В таких условиях Александр Ягеллончик и его советники могли рассчитывать на то, что, если предложение о соединении Церквей будет исходить из Москвы, папа может согласиться на условия унии, приемлемые для православного общества. Этот дипломатический ход, странный и рискованный, показывает, что никаких «нормальных» путей для осуществления унии Церквей в окружении великого князя литовского уже не видели и возлагали надежды лишь на какие-то чрезвычайные перемены во внешнем мире, как, например, изменение традиционной конфессиональной ориентации Русского государства. Иван III, однако, не проявил никакого интереса к переговорам с папой, и предпринятый дипломатический ход не имел реальных последствий. Вопрос унии Церквей, по-видимому, еще какое-то время занимал окружение Александра Ягеллончика. В 1504 г. он подтвердил будинский привилей Владислава III, словно желая показать православному обществу, какие выгоды может принести для него уния Церквей, но широкого общественного резонанса этот шаг не вызвал.

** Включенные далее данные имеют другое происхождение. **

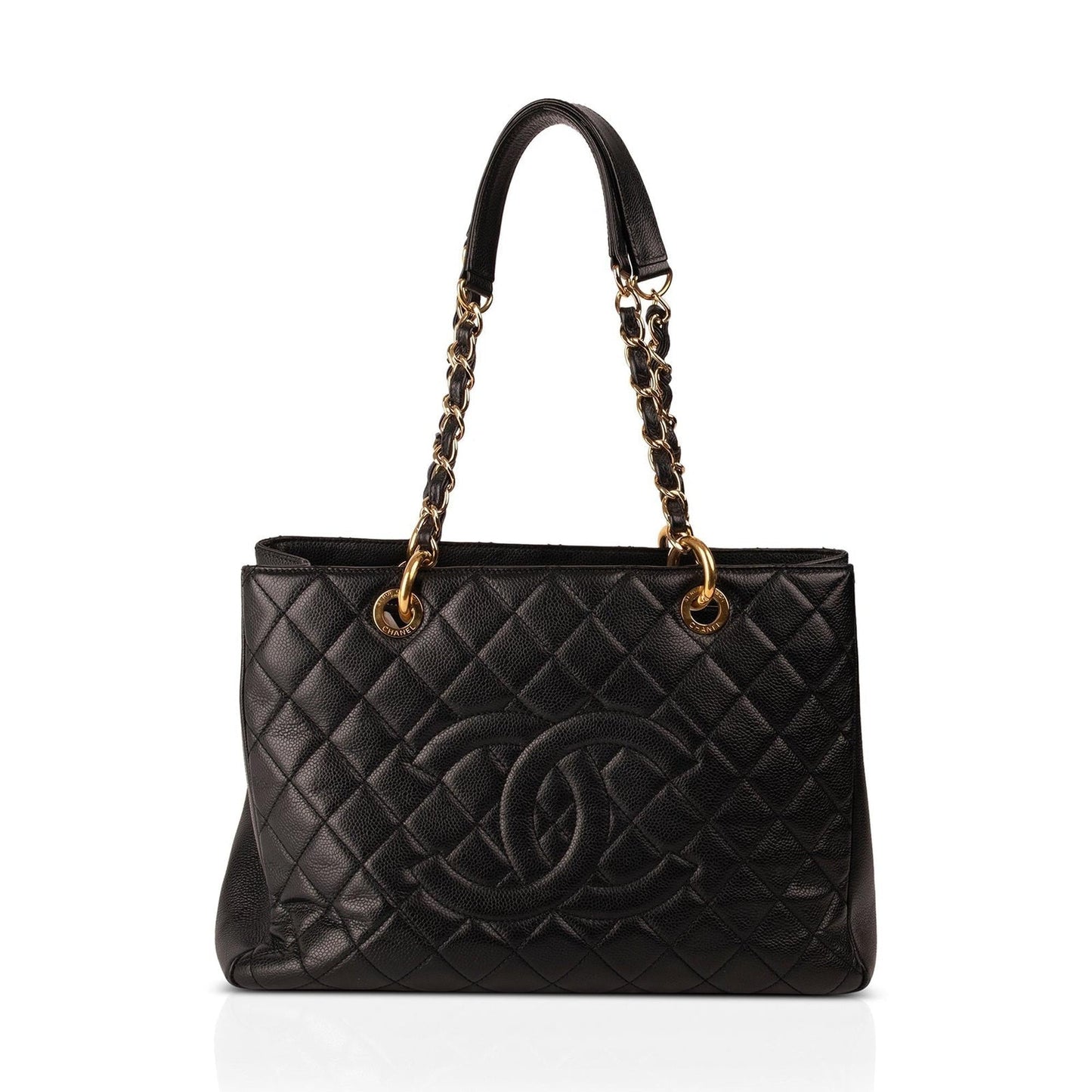 Chanel Black Caviar Leather Grand Shopping Tote (GST)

В отличие от последних десятилетий XV в. в православном обществе первых десятилетий XVI в. вопрос о соединении Церквей перестал оживленно обсуждаться. Если в XV в. выдвижение таких проектов питалось представлениями о различных позициях польского епископата и римского престола, то, по-видимому, опыт общения с курией в правление митрополита Иосифа исцелил представителей высших кругов православного общества от этих иллюзий. К тому же общий импульс, побуждавший к выдвижению таких проектов, в 1-й половине XVI в. должен был заметно ослабнуть. Новый монарх, Сигизмунд I Старый, вел по отношению к православной Церкви очень осторожную, продуманную политику, избегая не только гонений, но и принимая меры для укрепления организационных структур православной церкви и ее правового статуса. Здесь сказывалось и нежелание испытывать лояльность православных подданных в условиях постоянно обостренных отношений с Москвой, и рост политического влияния православной знати Великого княжества Литовского (примером может служить деятельность князя Константина Острожского в первые десятилетия XVI в.). У православного общества появились возможности сохранить традиционные основы своей церковной жизни, не прибегая для этого к покровительству папы. Власть, заинтересованная в достижении религиозного единства государства с помощью мирных средств, осталась силой, потенциально стремившейся к соединению Церквей, но, учтя отрицательный опыт предшественника, Сигизмунд I не выдвигал новых проектов церковной унии. Помимо понимания того, что эти проекты не встретят поддержки в православном обществе, значение имела и позиция местной католической церкви, нашедшая отражение в трактате Сакрана, которая осталась неизменной и в последующие десятилетия[163].